# 1946 Atlas/Craftsman 12X36 lathe



## EOD1959 (Nov 21, 2012)

Got this off a scrappers truck for $25 with three chucks amd a s--t load of tooling.
I lost 54 of the first photos due to the planets not being aligned, causing me to push the wrong button. Here are the pics in somewhat of the right order.
	

		
			
		

		
	

















	

		
			
		

		
	
First chips!!!
The only thing I found wrong with it is the miter gears for the power cross feed are broken. Anybody have a set they want to sell?
I had been thinking about painting it but I think it I would not want to use it if It looked too purty.
The lathe will be used for making pyrotechnic tools.
Dennis
Helena, Montana


----------



## Inflight (Nov 21, 2012)

I can't help you with the miter gears but I have to say that you got one heck of a deal on that lathe and you did a great job with the cleanup.  Nicely done!  

Matt


----------



## Metalmann (Nov 21, 2012)

Nice looking machine!



Check Ebay for gears, I see a lot of different parts for those machines from time to time.


----------



## Round in circles (Aug 30, 2014)

That's looking good and an absolute stead for $ 25 USD 

Curious nosey folk want to know  .....

How many teeth on the thread count gear please  & what is the diameter ?  
 Mine being a cheap UK war stock Sphere model is made of alloy held together with what looks like ancient araldite and has some teeth missing,  I'd like to see If I can get a brass or steel one from a German company who has a massive range of such things .

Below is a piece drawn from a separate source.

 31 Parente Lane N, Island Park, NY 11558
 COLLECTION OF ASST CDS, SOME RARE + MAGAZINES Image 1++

 I like the bed tray that the lathe sits on m did you make it or did it come with the heap of scrap?


Do you have a picture of just the tray ? Can you reference it to a workshop mug and or  a 1" AF nut etc. 

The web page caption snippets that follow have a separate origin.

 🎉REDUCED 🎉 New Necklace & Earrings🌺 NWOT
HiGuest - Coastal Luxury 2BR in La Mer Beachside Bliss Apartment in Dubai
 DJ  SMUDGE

 I have a pal this side of the pond who may make one for me in bright steel sheet if I can send him a good picture and some basic dimensions .


When you took out the headstock indexing pin was it a ball bearing or a plunger that sat in the top of the spring ?

Can you post a picture of exactly how the tool post is mounted on the compound slide.... I have the feeling that there should be a 1/4 thick by 3 inches long plate that occupies the full width of the compound slide " T " grove and that the post screw fits through it to screw into the actual post upright . 
( There appears to be some damage on mine  to the to the underside shoulders of the slot  where someone has used a scrap bin bolt to make their own tool clamp plate  post  )

 I have hand cut & filed some 2 inch bright steel bar to get the segment that fits nicely into the cupped washer so I can use a 1/2 square tool ,  but because of the damage to the slot have had to abandon the use of the original post and resorted to an old Myford tool clamp plate and a length of threaded studding thread locked into a 1 & 1/4 long " T " nut. that fits in the slot like it was an original fitment .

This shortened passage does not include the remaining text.